Well, I have fresh oil in it now. My father in-law is coming over tomorrow to take the carb apart and we'll use carb cleaner. I called Tractor Supply and a rebuild kit is $60.00 and I can order one on line is $25.00..... I can't get the rebuild kit here in time, I just want to find out what the issue is.

Here's what baffles me..... 4 or so weeks ago I had this issue, all I did was a little cleaning and it ran fine for 4 weeks..... now the same problem exists.... Maybe something is in the carb, causing it to pour raw gas into the crankcase. When I drained the oil it was all gas......and I mean alot of gas..... not a normal 40ozs.... it was alot...

So, tomorrow night will be the test, we'll take the carb off and clean it..... if that is the case in fact, I can buy a rebuild kit and have it drop shipped overnight. Sound like a plan?


----------



## tubejock

One more thing.... there is an electrical connection on the bottom of what I call the 'bowl'..... and the past few times I've had to jump start it, either with a power pack or my car..... these 2 problems have happened each time..... could this me an electrical issue? Bill..... are you out there????? Can you assist?


----------



## Bill Kapaun

That's the carb fuel solenoid.
All it does is block the Main Jet and shut off fuel flow THROUGH the carb when the key is OFF to prevent afterfire.
It does NOTHING related to your problem, which would exist, solenoid or not.

You say you changed the oil?
Does that mean the new oil is getting diluted with gas as we speak?
You might want to take a rag & C clamp or something and pinch off the fuel line.


----------



## tubejock

Nope, as of right now, nothing is being done. I changed the oil to fresh, got just about most of the gas out of the crankcase.
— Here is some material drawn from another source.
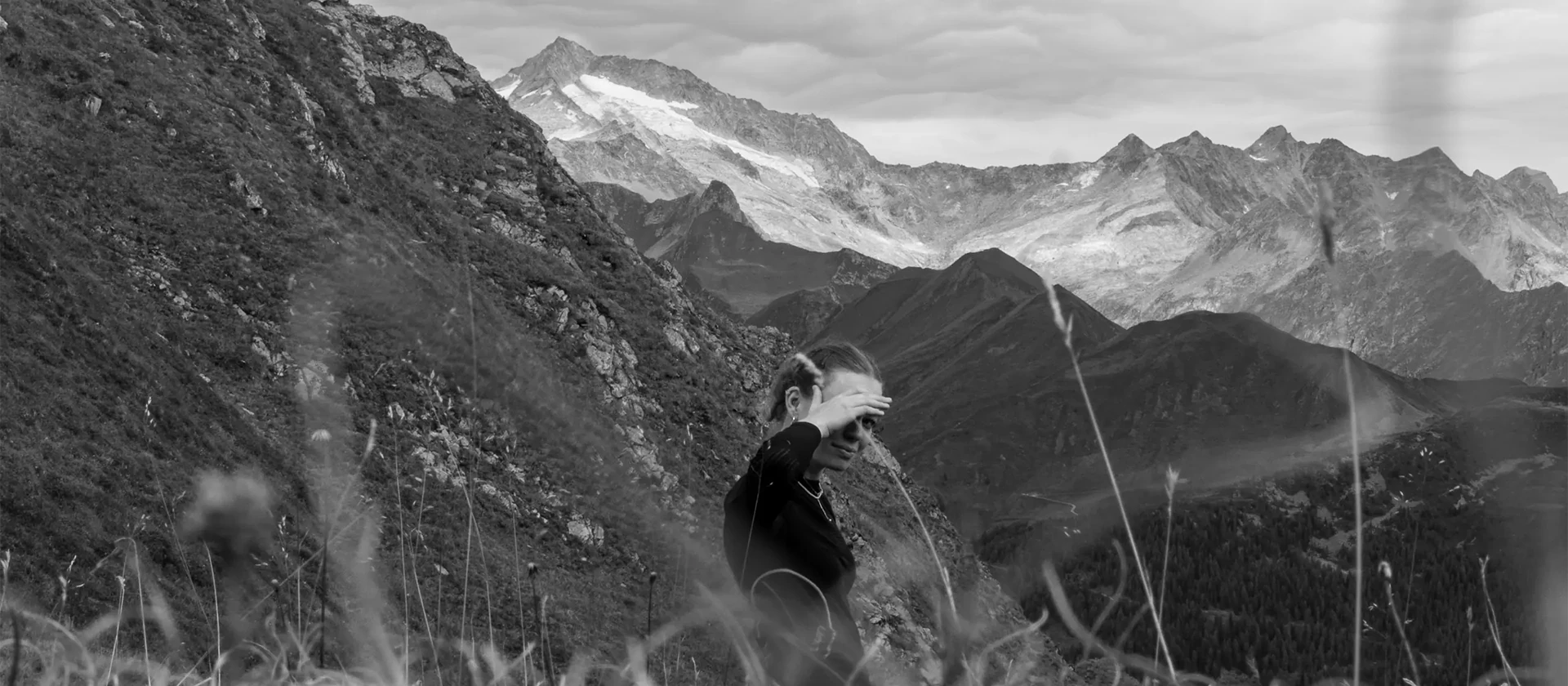 Karen steht halb durch Grashalme verdeckt in einer Berglandschaft. Im Hintergrund sind weitere Berge mit Schnee zu sehen.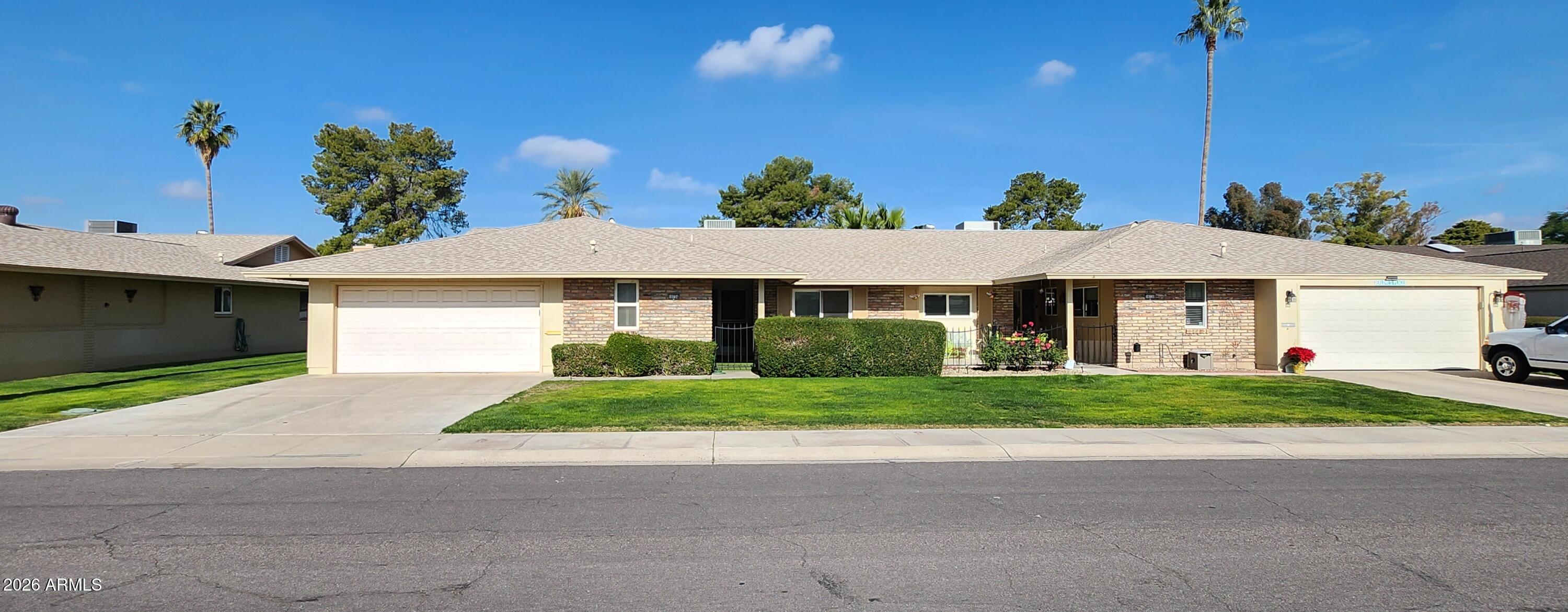 10734 West Hatcher Road Sun City, AZ 85351 - Photo 1 of 24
I'm waiting for tomorrow, when my father in-law come over to tear the carb apart..... I got a fresh can of carb cleaner as well. I used brake cleaner on the rest of the block as well to clean the gunk off it....

I'm hoping its something carb related and there is just a build up..... Thanks Bill for the help....


----------



## Bill Kapaun

I guess you're missing the point.
Gasoline is running through the carb and down into the crankcase because the needle valve is leaking.
The needle valve works like a toilet valve. Only a toilet has a sewer for the water to go into in case you have a leaky valve. Your engine has a crankcase where it ends up instead of a sewer.
The gas isn't running into the crankcase when the engine is running. The engine would burn the excess, although it may run rich.
It's running into the crankcase when it is sitting with the engine OFF!


----------



## tubejock

Yeah, I guess I am missing the point.... Thanks for clarifying this. You made mention last night that some 'gunk' could be inside the carb, that what tomorrows tear down will tell us..... Then I can order a rebuild kit.


----------



## TecumsehBriggs

TecumsehBriggs said:


> A dirty carb will kill an engine quicker than you can say, "Wee Willy's Wheelhorse went wickedly wacky while working windward".
> 
> Carbs are easy to rebuild. Take it apart; clean it thoroughly with carb cleaner & compressed air: replace the needle valve, seat (if equipped)and float; install new gasket; install carb onto engine; adjust mixture & speed.
> 
> You can get away cheap by just cleaning out the carb & blowing compressed air through all the passages (as long as the seat of the old needle valve is still good; some have a rubber tip that deteriorates over time), then install a fuel shutoff valve between the fuel tank & carb (before the fuel filter so you can change it without spilling too much gas). Make sure you close the fuel shutoff before you shut your engine off to drain the fuel from the system. No more gas flowing into your crankcase. Just remember to open the valve when you go to start it next time.
> 
> BTW, here are some things that are necessary for small engine/lawn equipment maintenance:
> >fresh oil
> >fresh gas
> >new fuel filters
> >new fuel line
> >new spark plugs
> >an air compressor with impact wrench & sockets, air hammer, angle die grinder with assorted sanding/grinding discs
> >basic hand tools, including sockets/ratchet & extensions
> >wrenches
> >Torx bits
> >Allen wrenches
> >battery charger
> >work bench
> >a vise
> >grinding wheel & a file
> >big hammer
> >access to information regarding your specific engine/equipment


I guess none of this was helpful...


----------



## tubejock

Well, I got the carb off....took it apart and held it over a bucket and sprayed carb cleaner all over it and inside it. Then ran it under luke warm water and blew everything out with an air hose. Put everything back together and it runs 'like new'. When I was rinsing it off over the sink.... some **** fell out of it, so that must of been the culprit.....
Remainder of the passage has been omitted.